As the new first puppy romps on the White House lawns, controversy swirls about the Obamas' choice of a purebred over a rescue dog.

April 15, 2009|Rebecca Cole

WASHINGTON — In Washington, everything is political -- even the choice of a family dog.

As President Obama and his family officially introduced the new first puppy at the White House on Tuesday, critics inside the Beltway were panting that Obama had broken his promise to find a rescue pet.

"Welcome to your life," Michelle Obama told Bo, a 6-month-old Portuguese water dog.

The first lady, the president and daughters Sasha and Malia walked the dog along the South Lawn. As cameras clicked and reporters scrambled for a view of the white-pawed specimen, Bo took it all in stride, wagging his pouf of a tail and tugging at his leash.

"He's a star," the president said. "He's got star quality."

The adoption of a family dog would seem to be the height of simplicity. After all, 40 million American households own at least one dog.

But nothing is simple in Washington.

In promising his daughters that the family would get a dog once his campaign was over, Obama had thrown a bone to animal lovers. Then, he made yet new friends when he and his wife repeatedly said they would seek a rescue dog.

But now tongues were wagging that Obama, in picking a pricey purebred pup over a rescue dog, had once again given people one idea then taken another tack. Earlier, the family had shown interest in public schooling for the girls, then enrolled them in the private Sidwell Friends School.

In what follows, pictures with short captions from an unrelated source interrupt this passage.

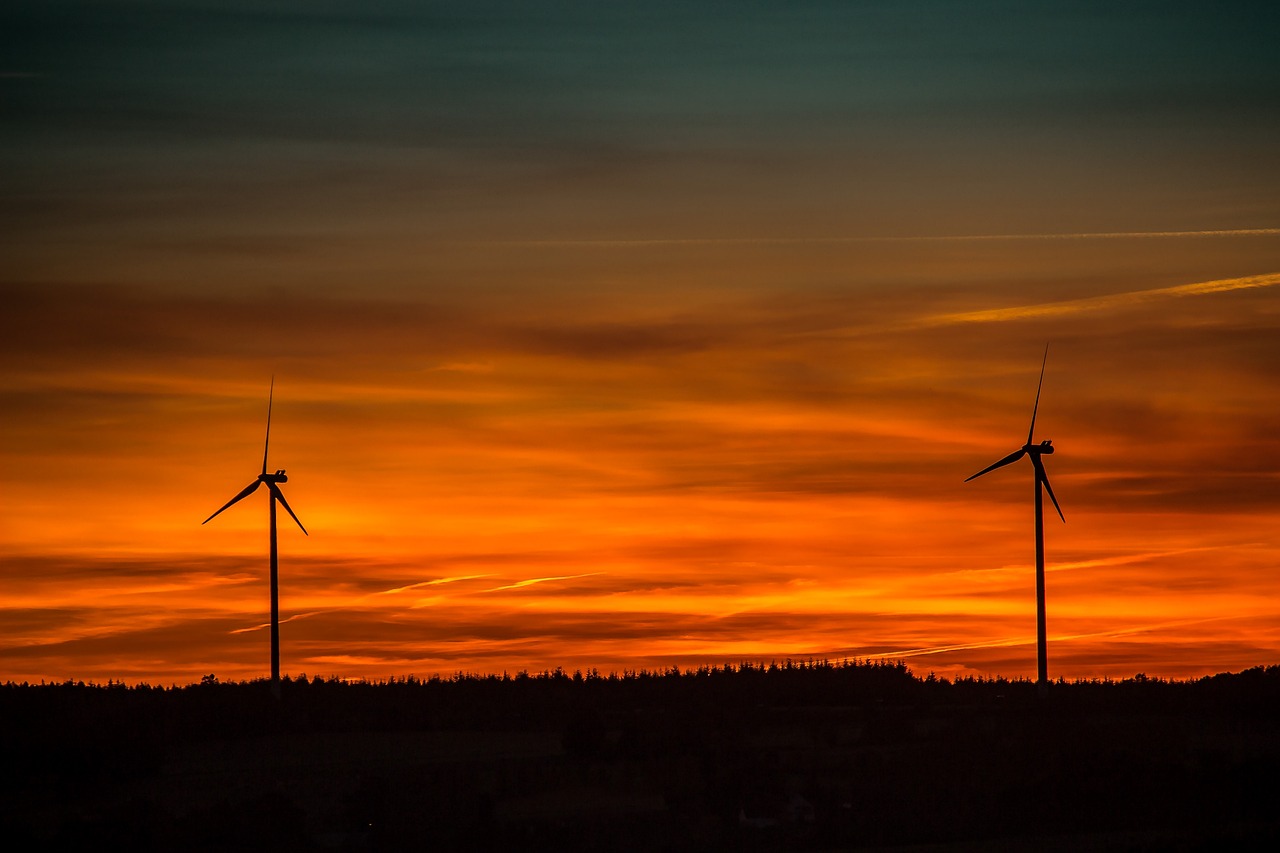 découvrez les avantages des énergies renouvelables, une solution durable pour un avenir respectueux de l'environnement. explorez les différentes sources d'énergie verte et leur impact positif sur notre planète.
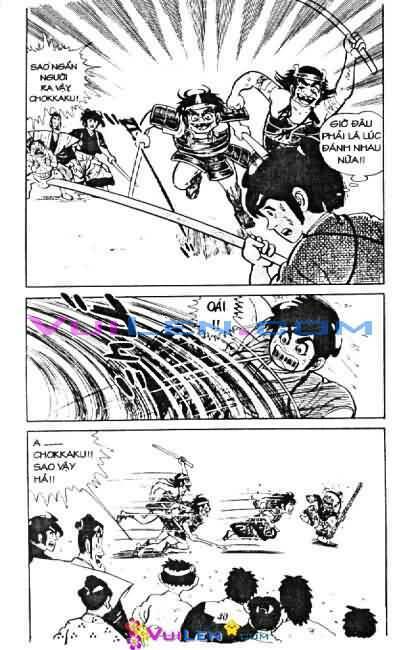 kiếm sĩ góc vuông - chokkaku chapter 12 41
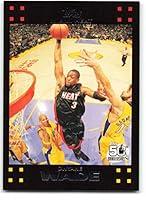 Algopix Similar Product 5 - 200708 Topps 3 Dwyane Wade  Miami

Last summer, Best Friends Animal Society, an animal welfare organization, launched www.obamafamilydog.com, gathering 50,000 names asking the Obamas to adopt a dog from a shelter.

John Polis, public relations manager for the group, is disappointed in the president's choice of a purebred. "We're always happy when a dog gets a new home," Polis said. "But we feel that, overall, it was an opportunity missed by the president to adopt from a shelter or a breed rescue organization and make a statement for the 4 million to 5 million animals euthanized every year."

Obama had said, during his first news conference as president-elect, on Nov. 7, that he'd be looking for "a mutt -- like me."

"We were real happy about that," Polis said, "but it turned out not to be the case."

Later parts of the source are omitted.